* Description of the task: Below this line are records; write out exactly the lines from the one containing "Le milieu de" through the one containing "Volvo XC60 T8", with the pictures left out.

##### Material supplied #####

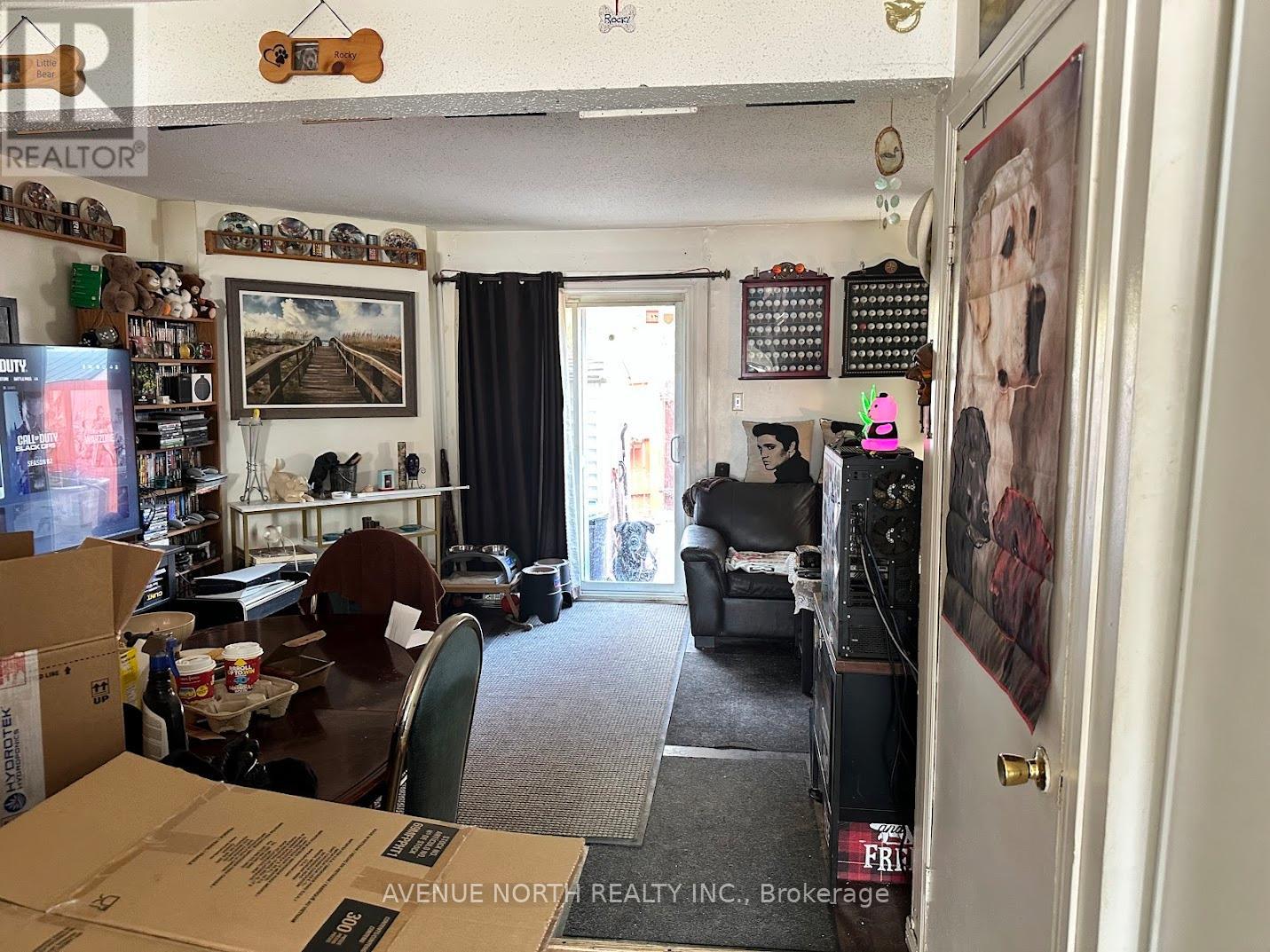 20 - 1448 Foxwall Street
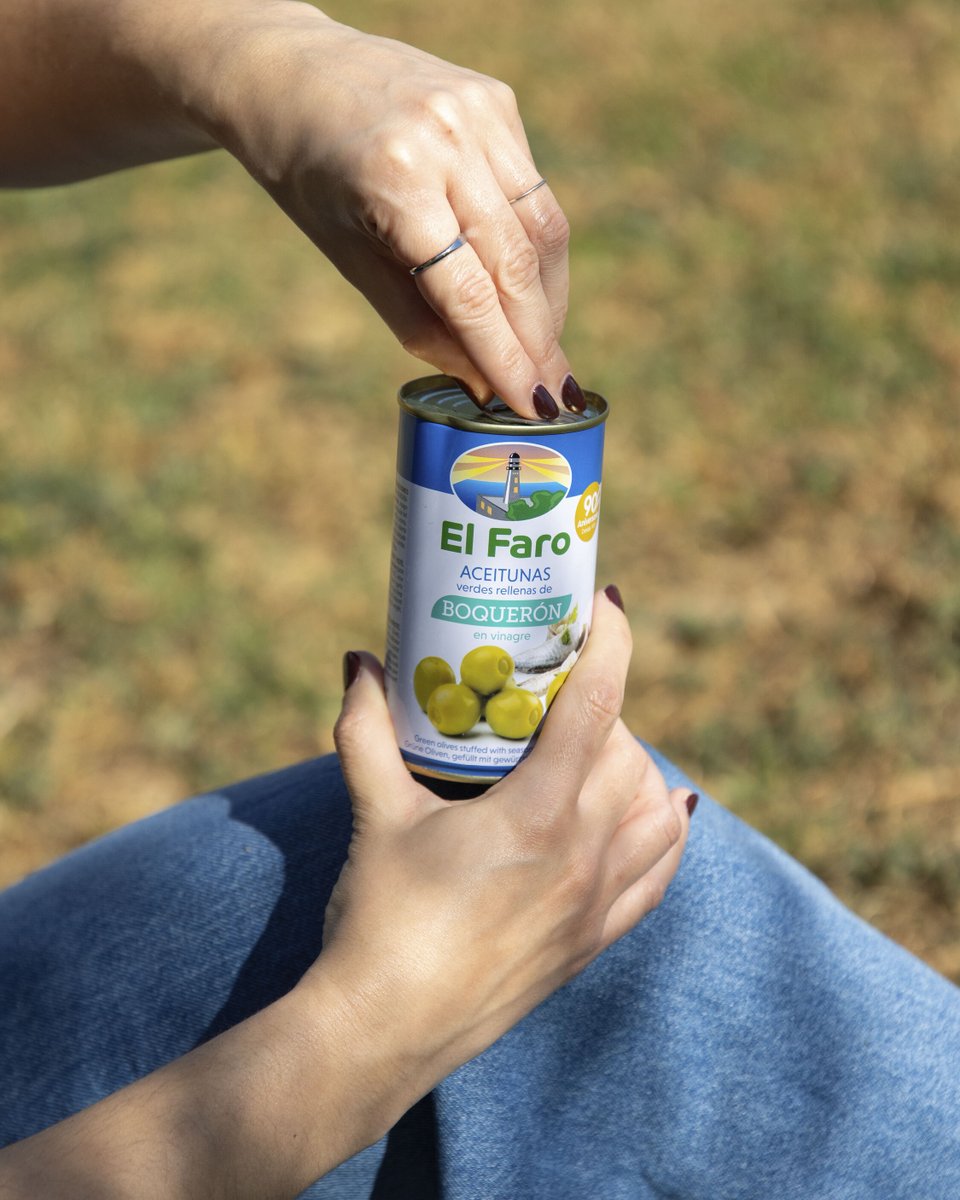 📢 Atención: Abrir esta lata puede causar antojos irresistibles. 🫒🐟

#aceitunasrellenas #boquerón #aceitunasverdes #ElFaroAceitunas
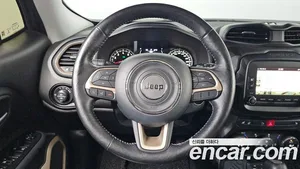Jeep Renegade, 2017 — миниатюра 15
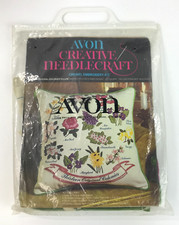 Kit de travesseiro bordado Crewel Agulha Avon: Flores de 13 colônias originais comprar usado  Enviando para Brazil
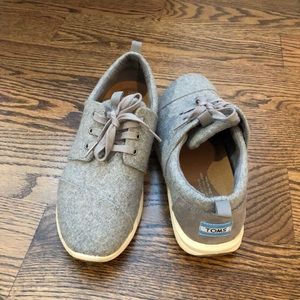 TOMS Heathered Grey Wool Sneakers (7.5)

#####
##### Material supplied #####

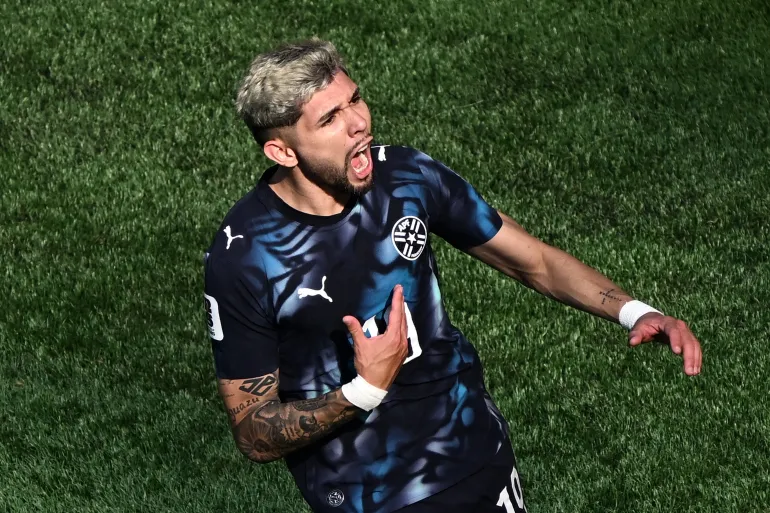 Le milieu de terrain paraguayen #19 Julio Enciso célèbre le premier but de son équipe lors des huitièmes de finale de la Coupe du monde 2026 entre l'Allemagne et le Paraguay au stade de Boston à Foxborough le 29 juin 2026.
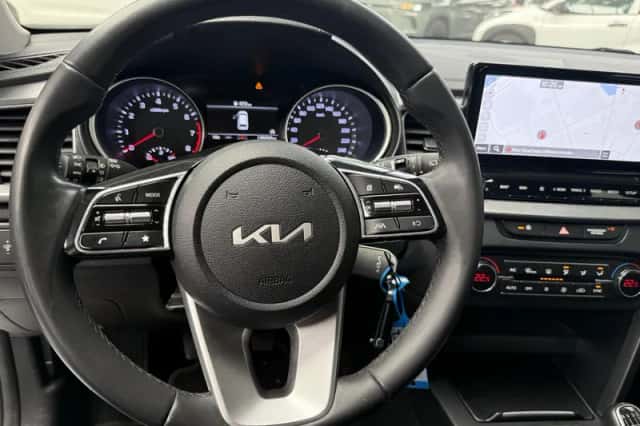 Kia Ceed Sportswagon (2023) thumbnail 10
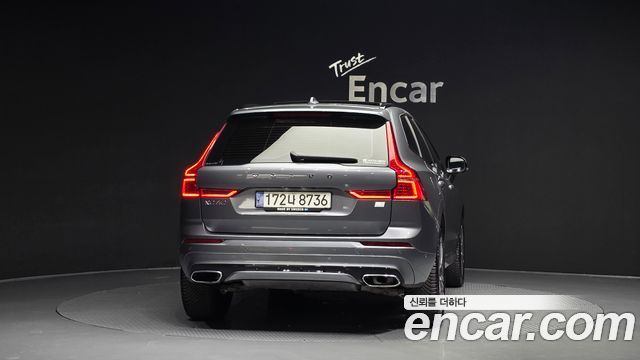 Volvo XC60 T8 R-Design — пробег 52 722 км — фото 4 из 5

#####

* Your response:
 Le milieu de terrain paraguayen #19 Julio Enciso célèbre le premier but de son équipe lors des huitièmes de finale de la Coupe du monde 2026 entre l'Allemagne et le Paraguay au stade de Boston à Foxborough le 29 juin 2026.
 Kia Ceed Sportswagon (2023) thumbnail 10
 Volvo XC60 T8 R-Design — пробег 52 722 км — фото 4 из 5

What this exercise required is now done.